Kündigung

AGG-Entschädigung wegen unwirksamer Kündigung eines schwerbehinderten Arbeitnehmers

Kündigung

Die Kündigung eines schwerbehinderten Arbeitnehmers ohne vorherige Einholung der Zustimmung des Integrationsamtes begründet die Vermutung i.S.v. § 22 AGG, dass er wegen seiner Schwerbehinderung benachteiligt worden ist.

LAG Baden-Württemberg, Urteil vom 17.05.2021 – 10 Sa 49/20 

Schwerbehinderung „schlichtweg übersehen“

In dem streitigen Fall hatte die beklagte Arbeitgeberin das Arbeitsverhältnis mit dem schwerbehinderten Kläger ohne vorherige Beteiligung des Integrationsamtes gekündigt und erst im Kündigungsschutzverfahren die Rücknahme der Kündigung erklärt. Der Kläger fordert von der Beklagten eine Entschädigung nach dem Allgemeinen Gleichbehandlungsgesetz (AGG) in Höhe von mindestens drei Bruttomonatsgehältern. Die Kündigung sei wegen seiner Schwerbehinderung ausgesprochen worden. Die Beklagte gab an, ausschließlich aus betriebsbedingten Gründen gekündigt zu haben. Die Schwerbehinderung des Klägers sei bei der Sozialauswahl „schlichtweg übersehen“ worden.

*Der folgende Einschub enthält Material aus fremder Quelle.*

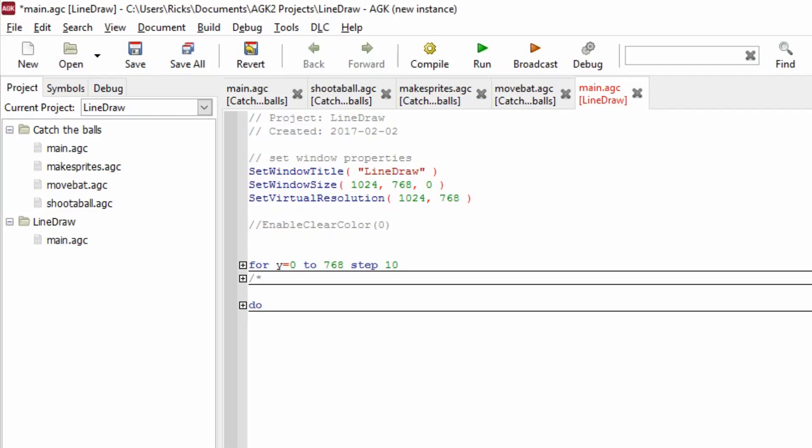Hello AppGameKit users, Rick here again from the Game Creators. So I've made a little program. I did this when I was all but a teenager on a very old Atari 8-bit machine and I want to share it with you.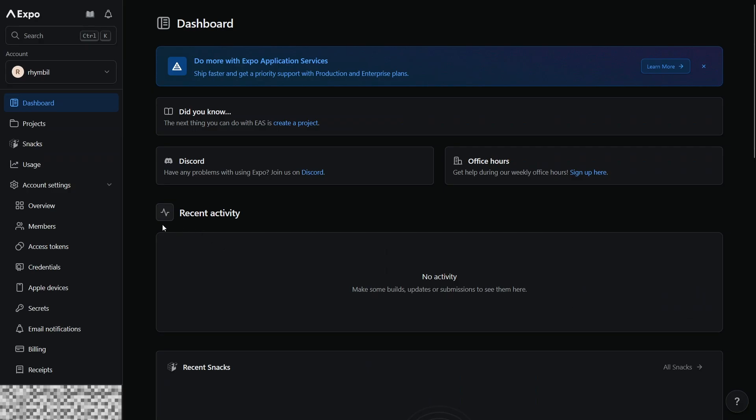Here's what the dashboard looks like. I'm using dark mode, but yours may be a white color instead. This is going to be where we manage our builds and where we manage our application.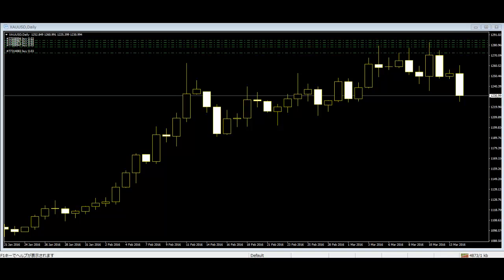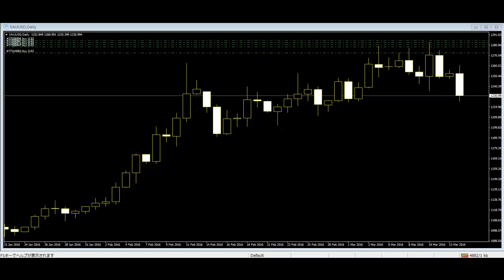The predictions of candlesticks are mostly accurate because they show trader sentiment in the market. So, traders can see the candlesticks and make investments accordingly.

Nachteil durch Nichtbeachtung

Sowohl die erste Instanz als auch das Berufungsgericht LAG sprachen dem Kläger eine Entschädigung nach dem AGG zu. Durch die ohne Zustimmung des Integrationsamtes ausgesprochene Kündigung habe die Beklagte den Kläger wegen seiner Schwerbehinderung benachteiligt. Maßgeblich sei, dass dem Kläger durch die Nichtbeachtung der Schwerbehinderung der Vorteil des besonderen Kündigungsschutzes entzogen worden sei.

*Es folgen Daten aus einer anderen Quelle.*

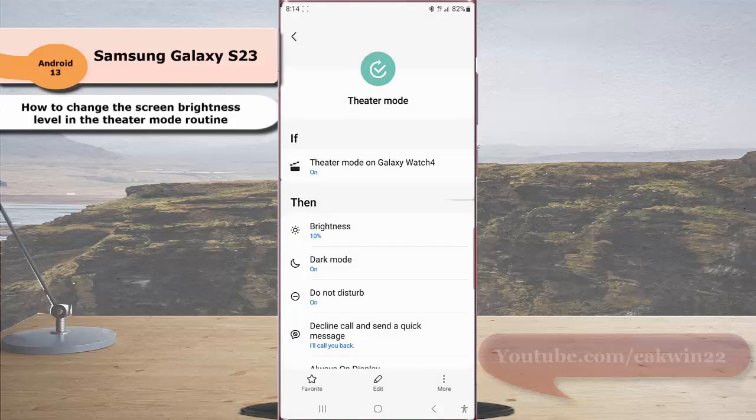By doing this, now when the theater mode routine is active, your phone will set the screen brightness level at 10%. Thank you for watching, have a nice day.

Absicht nicht entscheidend

Da es auf eine Benachteiligungsabsicht nicht ankomme, habe der Kläger auch nicht beweisen müssen, dass die Beklagte ihn benachteiligen wollte. Es genüge, wenn der Betroffene Indizien vorträgt, die eine Benachteiligung vermuten lassen. Zur Widerlegung hätte die Beklagte Tatsachen vorzutragen und ggf. beweisen müssen, aus denen sich ergibt, dass ausschließlich andere Gründe als die Schwerbehinderung zu einer ungünstigeren Behandlung geführt haben. Dies sei ihr nicht gelungen.

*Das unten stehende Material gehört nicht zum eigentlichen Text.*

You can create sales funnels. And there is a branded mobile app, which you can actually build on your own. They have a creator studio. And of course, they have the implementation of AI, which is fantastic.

Achtung Schutzvorschriften

Nach dem LAG begründet der Verstoß des Arbeitgebers gegen Vorschriften, die Verfahrens- und/oder Förderpflichten zu Gunsten schwerbehinderten Menschen enthalten, regelmäßig die Vermutung einer Benachteiligung wegen der (Schwer)Behinderung. Wenn der Arbeitgeber von einer Schwerbehinderung weiß, beinhaltet der Ausspruch einer Kündigung ohne Beteiligung des Integrationsamtes die Gefahr einer Entschädigungspflicht. Vom laxen Umgang mit Schutzvorschriften ist also dringend abzuraten.